Experts outside of the FDA also worry that the layoffs could result in slower communication.
“I worry critical information could be delayed in being communicated to patients and other stakeholders,” Philip Desjardins, a partner at Arnold & Porter, wrote in an email. “In practice, I expect that much of the priority communications will fall to the review teams, further stressing those resources which could delay other priorities like submissions and post market reviews.”
They also raised concerns about the lack of public meetings by the CDRH. There have been no meetings since January, while the device center held meetings every month in 2024. The CDRH also has not posted any public statements since the start of the Trump administration.
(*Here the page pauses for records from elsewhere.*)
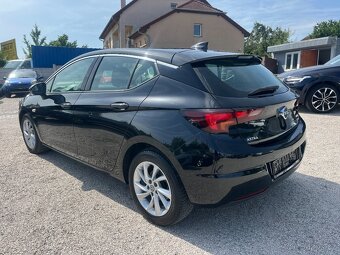 Opel Astra 1.4 Turbo 110kw, serviska - 5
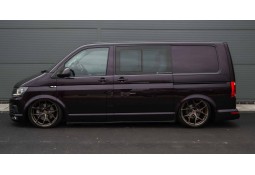 4 Jantes VOSSEN HF-5 9,0/10x20" pour VW TRANSPORTEUR T6 (2015+)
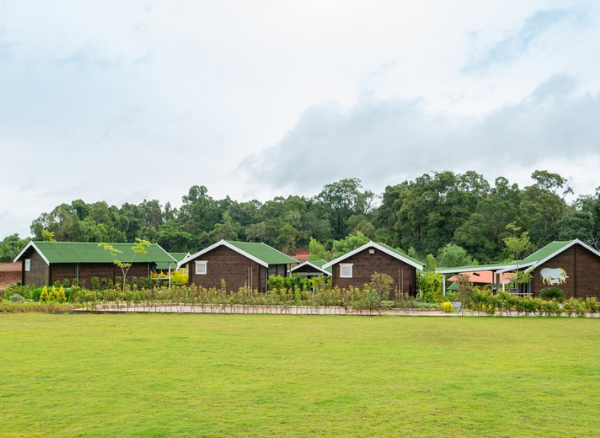 Kanasu The Resort,Manipal,3 star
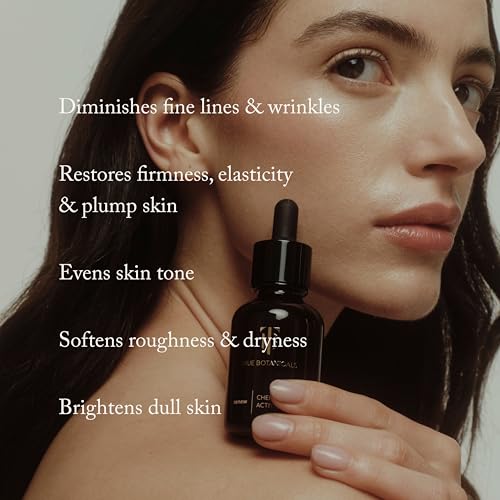 Chebula Active Serum for Fine Lines & Wrinkles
Public meetings are important because the CDRH has used them in recent years to collect information on communications and recalls, said Madris Kinard, a former FDA analyst and CEO of Device Events, a software firm that tracks medical device adverse events. The meetings have resulted in improvements, Kinard said, such as a recall on textured breast implants, or clarifying that a Philips recall was for continuous positive airway pressure machines when it wasn’t clear in the company’s notice.
Maria Gmitro, president and founder of the Breast Implant Safety Alliance, said the FDA plays a critical role in informing the public about device risks.
“We know that transitions take time, but the current communication slowdown is putting patient safety at risk,” Gmitro said. “We’d like to see them restore some transparency and engagement as soon as possible.”